The “Previous” feature measures the number of contacts made with individuals before the tax credit program began. Unlike the first finding, those who were contacted more often prior to the program are more likely to take advantage of the tax credit than those with fewer prior interactions. This suggests that public awareness leading up to the program may significantly influence participation.
The inflation features shows that there seems to be a less likelihood of taking tax credit when the inflation rate is high.
Finally, the data shows that acceptance of the tax credit tends to be higher during periods of low unemployment (when the unemployment rate is negative). This implies that tax credits are more appealing in a strong economy, as individuals may be more willing to seek external resources for home purchases.
# Continuous Outcomes Visualization
housing %>%
dplyr::select(y, where(is.numeric), -X, -y_numeric) %>%
gather(Variable, value, -y) %>%
filter(!(Variable == "pdays" & value == 999)) %>%
ggplot(aes(y, value, fill=y)) +
geom_bar(position = "dodge", stat = "summary", fun.y = "mean") +
facet_wrap(~Variable, scales = "free", ncol=3, labeller = labeller(Variable = c(
`age` = "Age",
`previous` = "Contact before Campaign",
`unemploy_rate` = "Unemployment Rate",
`cons.price.idx` = "Consumer Price Index",
`cons.conf.idx` = "Consumer Confidence Index",
`campaign` = "Contacts for Campaign",
`inflation_rate` = "Inflation Rate",
`spent_on_repairs` = "Amount Spent on Repairs"))) +
scale_fill_manual(values = palette2) +
labs(x="Used Credit", y="Value",
title = "Feature associations with the likelihood of taking tax credit",
subtitle = "(Continous Outcomes, average value)")+
theme(legend.position = "none")
To gain a deeper insight into the distribution characteristics of these continuous variables and to facilitate comparisons among numeric features with varying scales, a density plot has been generated. This visualization uncovers surprising differences in the distributions of the Consumer Confidence Index, Consumer Price Index, and Amount Spent on Repairs between homeowners who accepted the tax credit and those who did not.
hmm2 <- housing %>%
pivot_longer(cols = where(is.numeric), names_to = "variable", values_to = "value") %>%
filter(variable != "y_numeric", variable != "X")%>%
filter(!(variable == "pdays" & value == 999))
ggplot(hmm2) +
geom_density(aes(x = value, fill = y), alpha = 0.5) +
facet_wrap(~variable, scales = "free") +
scale_fill_manual(values = palette2) +
labs(x="Output Variables", y="Density",
title = "Feature associations with the likelihood of entering a program",
subtitle = "(Continous outcomes)") +
theme_minimal()+
theme(axis.text.x = element_text(hjust = 1, angle = 45))
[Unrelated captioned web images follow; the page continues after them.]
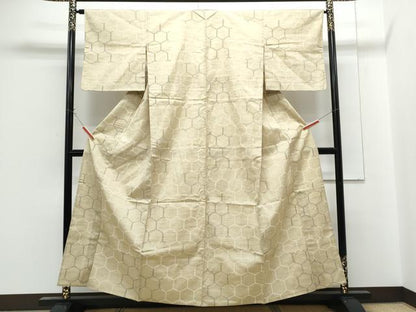 平和屋着物▽上質な紬　単衣　亀甲文様　正絹　逸品　CABG2678th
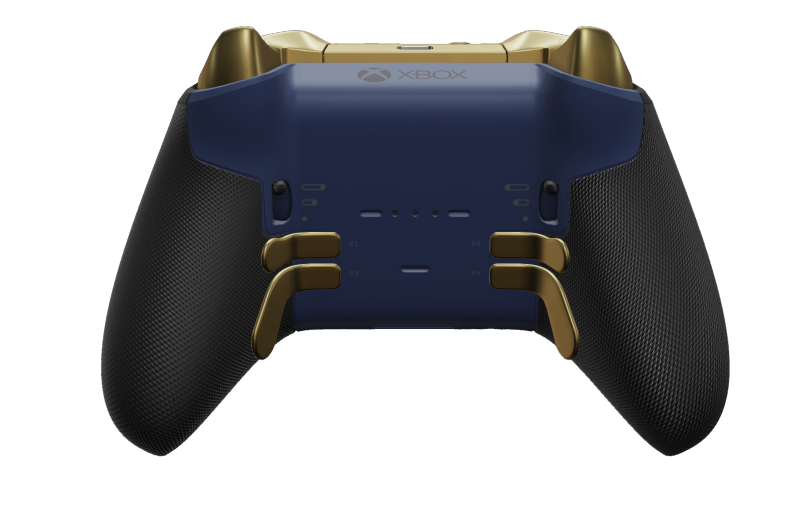 Xbox Elite Wireless Controller Series 2 - Core - Corps: Shock Blue + poignées caoutchoutées, BMD: À facettes, Hero Gold (métal), Arrière: Midnight Blue + poignées caoutchoutées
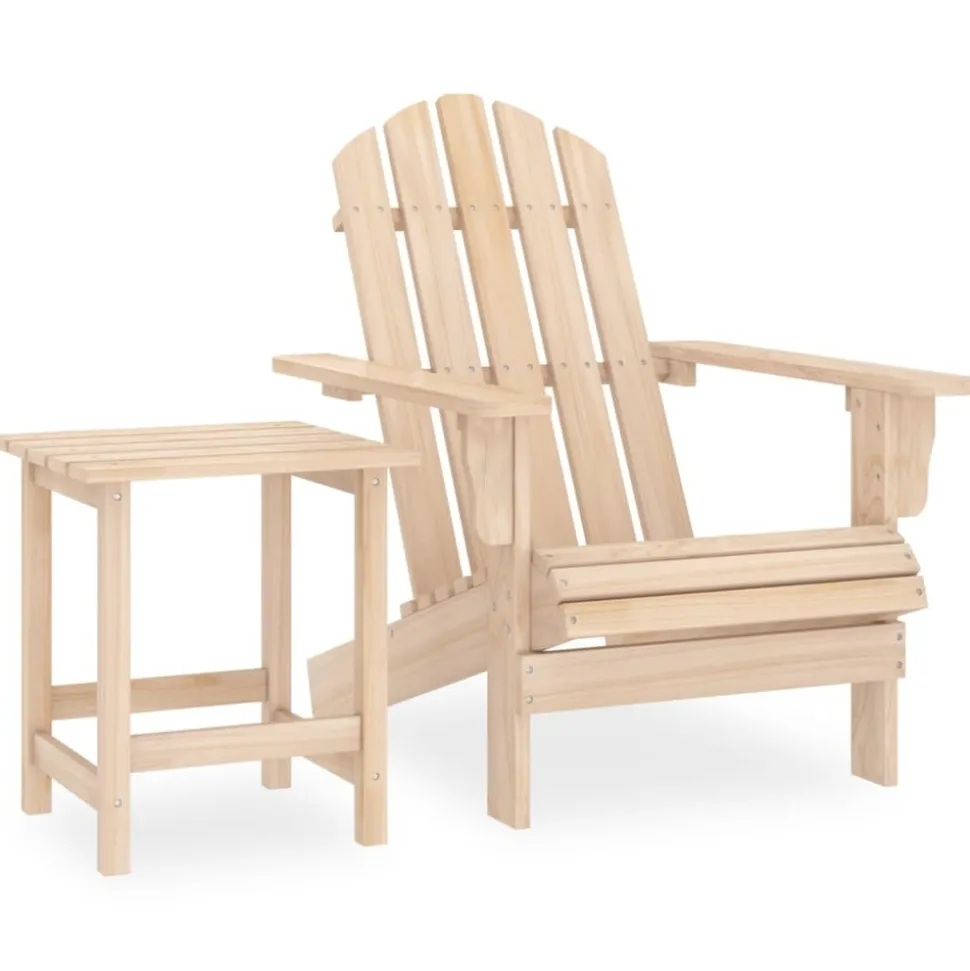 MAISON EXCLUSIVE - Chaise de jardin adirondack avec table bois de sapin massif
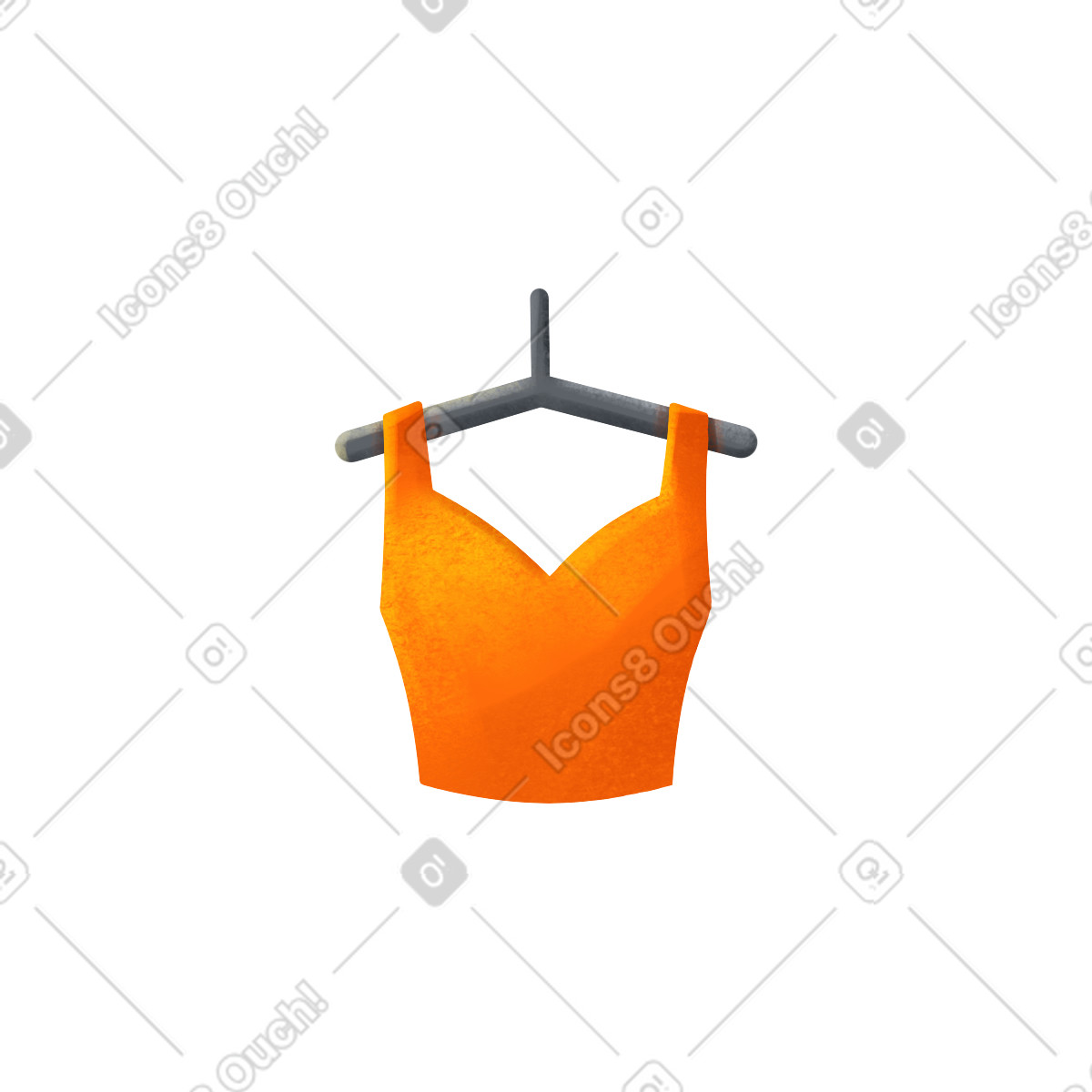 下载 Shine 风格的 Clothing rack with an orange top 插画，支持 PNG、SVG 格式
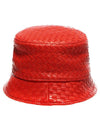 Intrecciato Leather Bucket Hat Red - BOTTEGA VENETA - BALAAN 3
It can be noticed that people who haven’t been contacted before are less likely to refuse the credit, while people with higher education or use cellular phones are more likely to take the credit.
# Categorical Outcomes Visualization
housing %>%
select(where(is.character))%>%
gather(Variable, value, -y) %>%
count(Variable, value, y) %>%
ggplot(aes(value, n, fill = y)) +
geom_bar(position = "dodge", stat="identity") +
facet_wrap(~Variable, scales="free", ncol=4,
labeller= labeller(Variable = c(
`contact` = "Means of Contact",
`day_of_week` = "Day of Week",
`education` = "Educational Attainment",
`pdays` = "Days Elapsed After Contact",
`job` = "Job",
`marital` = "Marital Status",
`month` = "Month of Last Contact",
`mortgage` = "Mortgage Status",
`poutcome` = "Previous Campaign Outcome",
`taxbill_in_phl` = "Residing in Philadelphia",
`taxLien` = "Tax Liens"))) +
scale_fill_manual(values = palette2) +
labs(x="Took Credit", y="Count",
title = "Feature associations with the likelihood of taking tax credit",
subtitle = "Multiple category features") +
theme(axis.text.x = element_text(angle=45, hjust=1))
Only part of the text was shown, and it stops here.